:: TASK TO CARRY OUT ::
The lines below from the one with "AJet routes from DIY" up to and including the one with "Żyrandol na lince" are what you should set down, exactly and without pictures.

:: RECORDS SUPPLIED ::
/---

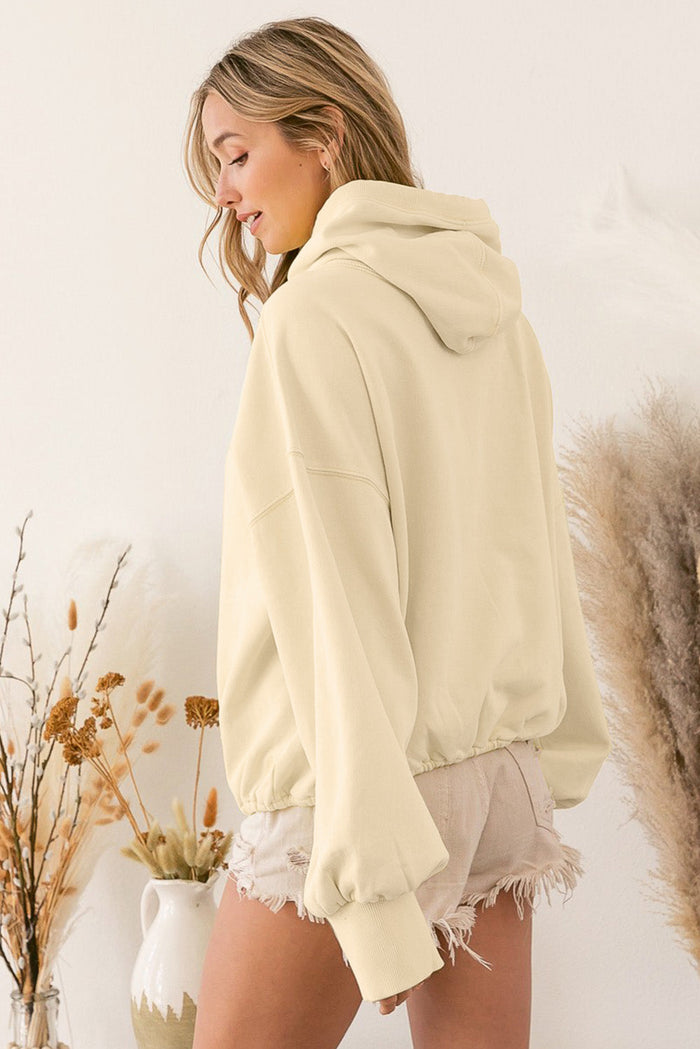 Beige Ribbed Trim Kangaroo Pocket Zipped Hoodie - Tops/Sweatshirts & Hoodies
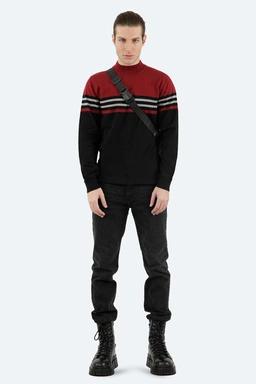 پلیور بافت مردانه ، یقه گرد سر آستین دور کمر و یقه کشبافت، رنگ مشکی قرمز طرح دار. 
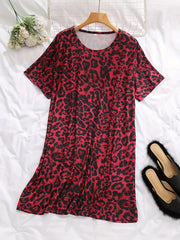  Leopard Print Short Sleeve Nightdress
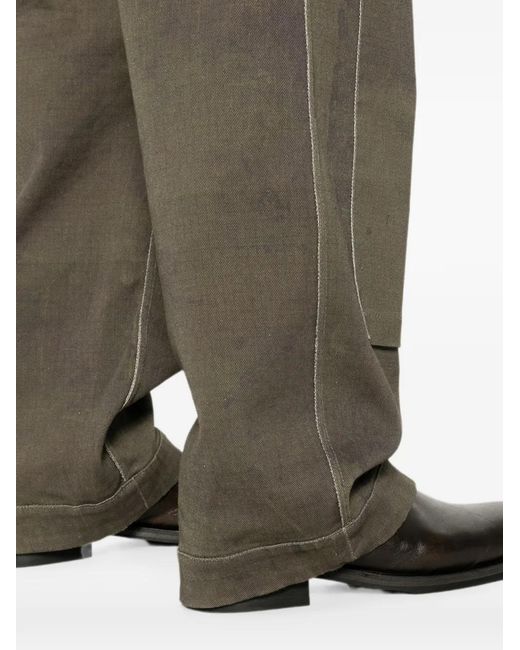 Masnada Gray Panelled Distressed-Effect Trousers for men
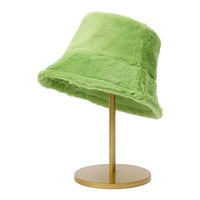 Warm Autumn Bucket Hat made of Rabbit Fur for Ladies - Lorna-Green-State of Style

\---
/---

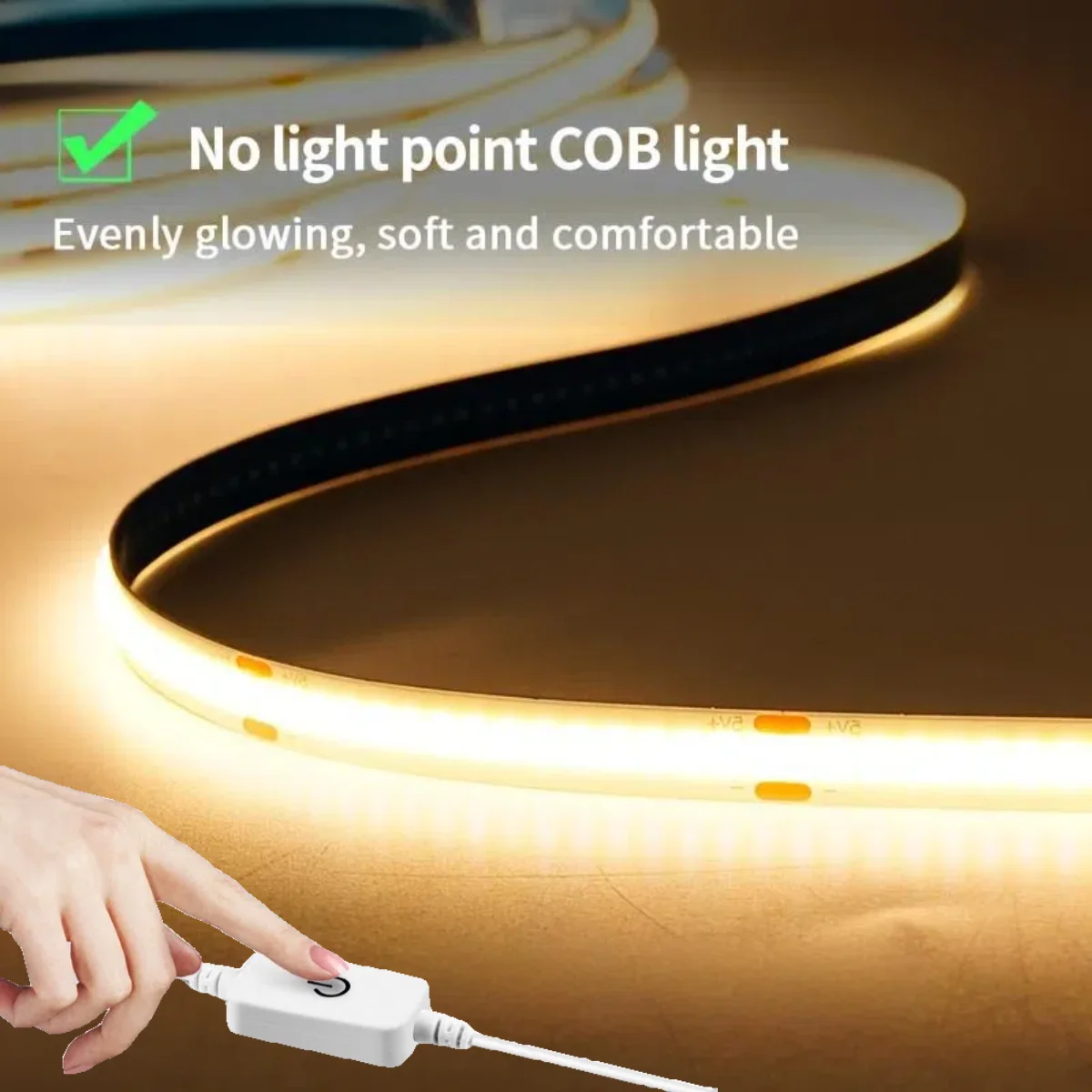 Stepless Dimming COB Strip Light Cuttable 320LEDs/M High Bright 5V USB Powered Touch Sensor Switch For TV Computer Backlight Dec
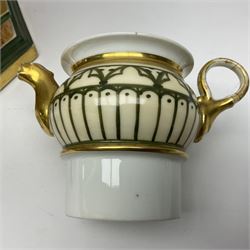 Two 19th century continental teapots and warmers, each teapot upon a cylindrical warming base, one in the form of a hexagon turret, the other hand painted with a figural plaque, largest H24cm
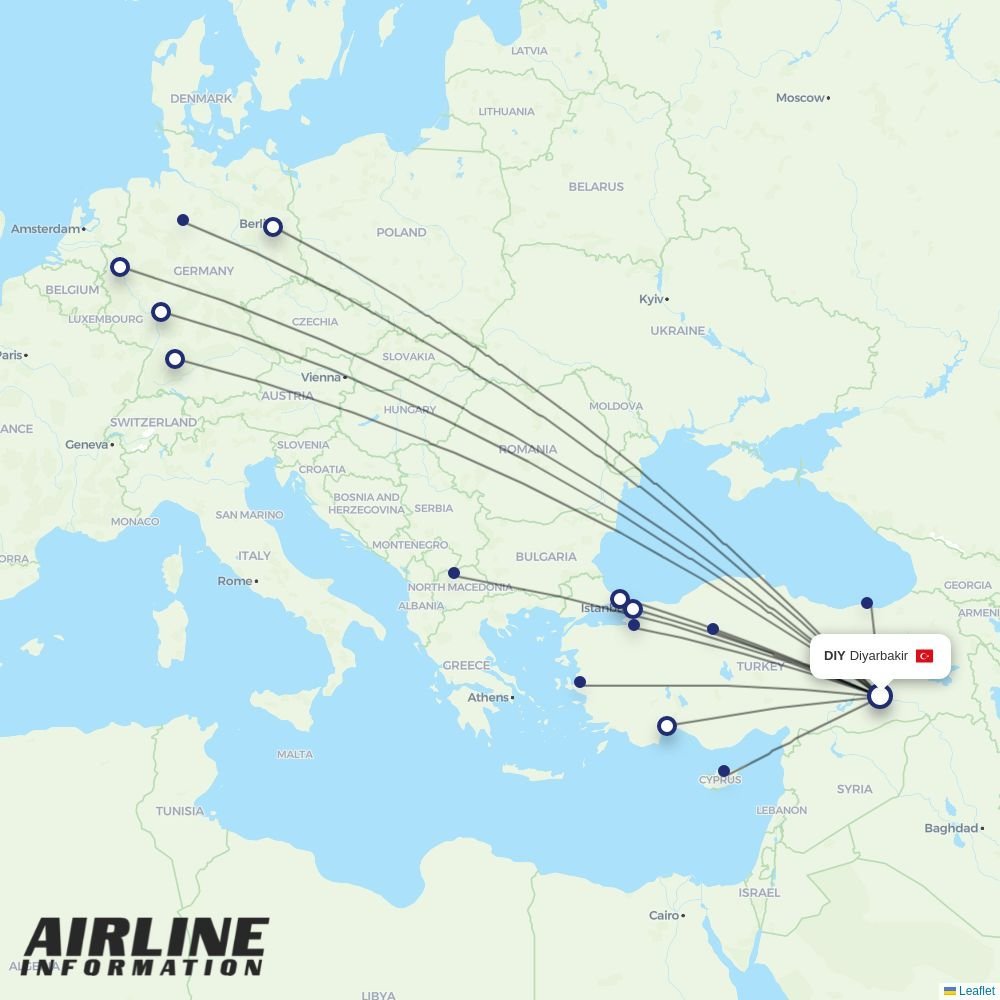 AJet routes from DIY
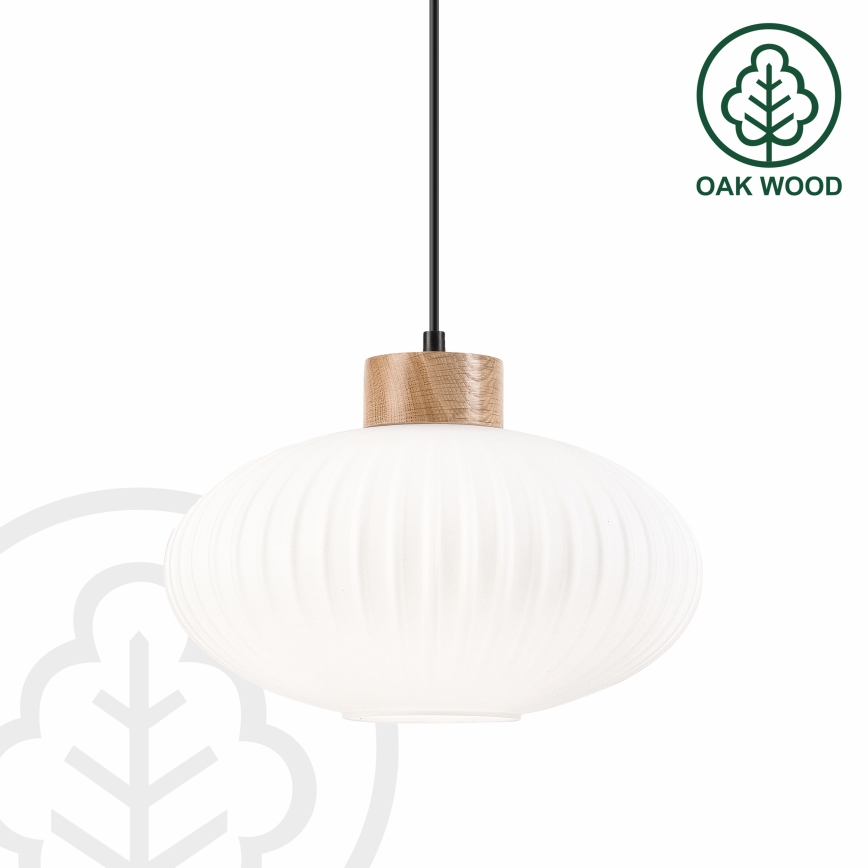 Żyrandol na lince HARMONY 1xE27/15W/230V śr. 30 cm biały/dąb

\---
/---

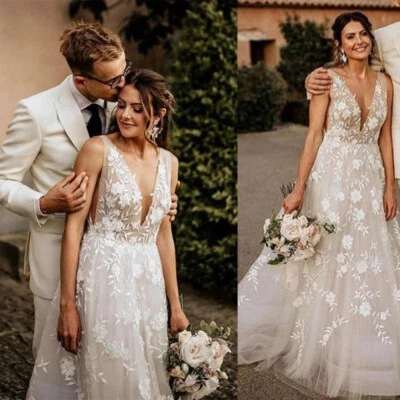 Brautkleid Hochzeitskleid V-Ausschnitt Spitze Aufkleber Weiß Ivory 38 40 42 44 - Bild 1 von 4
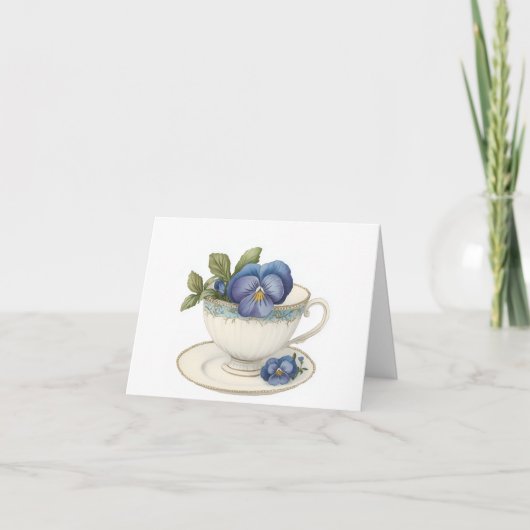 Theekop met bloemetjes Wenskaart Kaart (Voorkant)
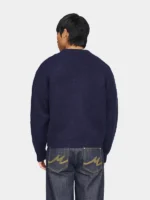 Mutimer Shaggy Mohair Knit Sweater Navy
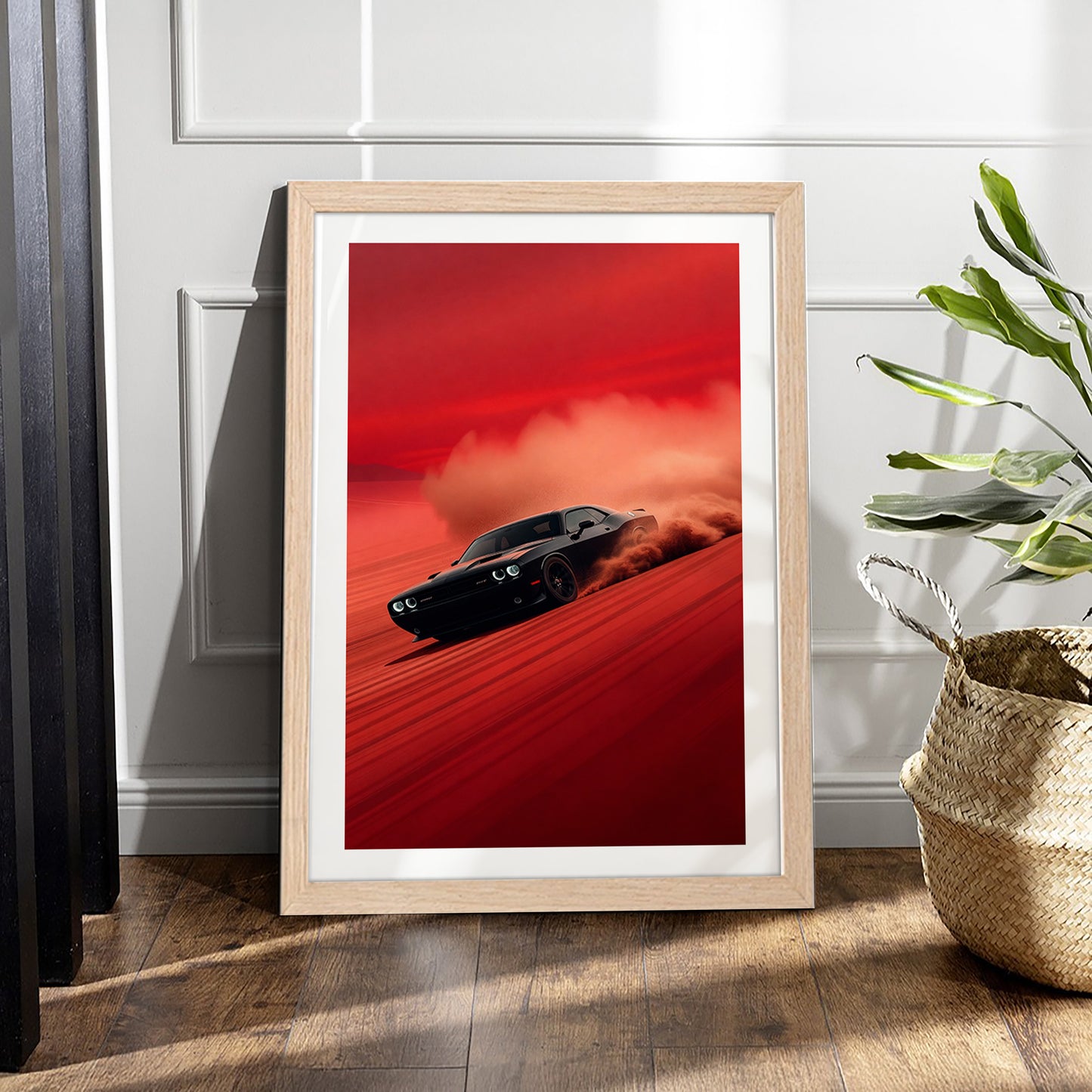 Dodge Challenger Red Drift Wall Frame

\---

:: ANSWER SECTION ::
 AJet routes from DIY
 Żyrandol na lince HARMONY 1xE27/15W/230V śr. 30 cm biały/dąb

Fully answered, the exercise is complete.